Skip the images. Copy the records exactly as written.

EXERCISE INPUTS: Begin

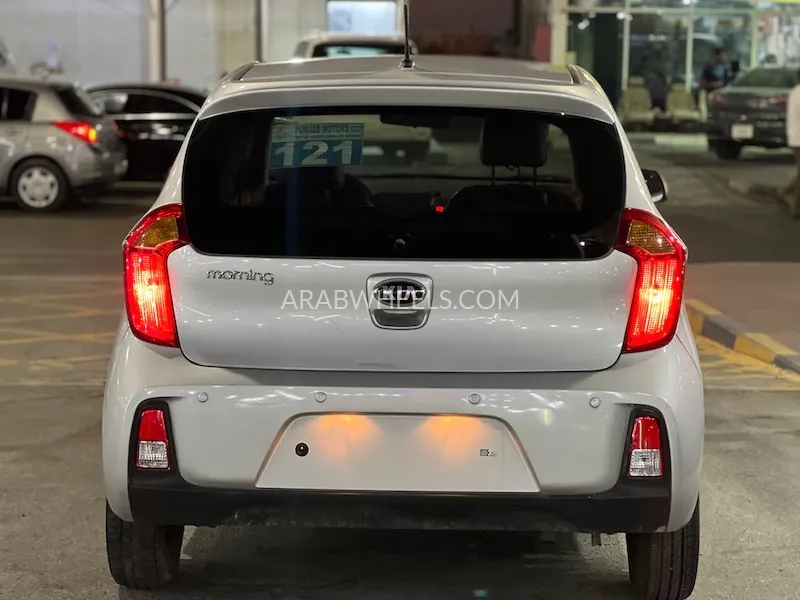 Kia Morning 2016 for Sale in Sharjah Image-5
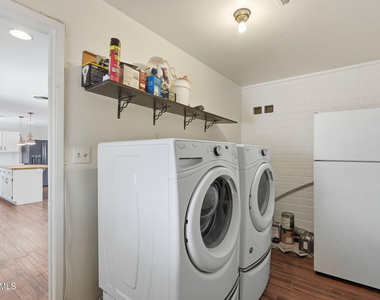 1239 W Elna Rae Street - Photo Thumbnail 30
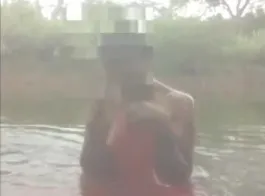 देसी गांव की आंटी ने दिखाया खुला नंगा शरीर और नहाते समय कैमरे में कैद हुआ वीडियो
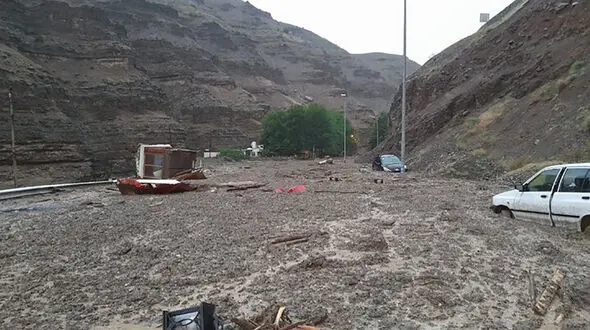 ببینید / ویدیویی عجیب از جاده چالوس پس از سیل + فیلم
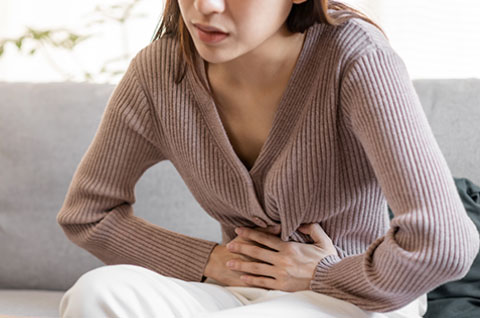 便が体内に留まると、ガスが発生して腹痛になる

EXERCISE INPUTS: End

**RESULT OF THE EXERCISE:**
 Kia Morning 2016 for Sale in Sharjah Image-5
 1239 W Elna Rae Street - Photo Thumbnail 30
 देसी गांव की आंटी ने दिखाया खुला नंगा शरीर और नहाते समय कैमरे में कैद हुआ वीडियो
 ببینید / ویدیویی عجیب از جاده چالوس پس از سیل + فیلم
 便が体内に留まると、ガスが発生して腹痛になる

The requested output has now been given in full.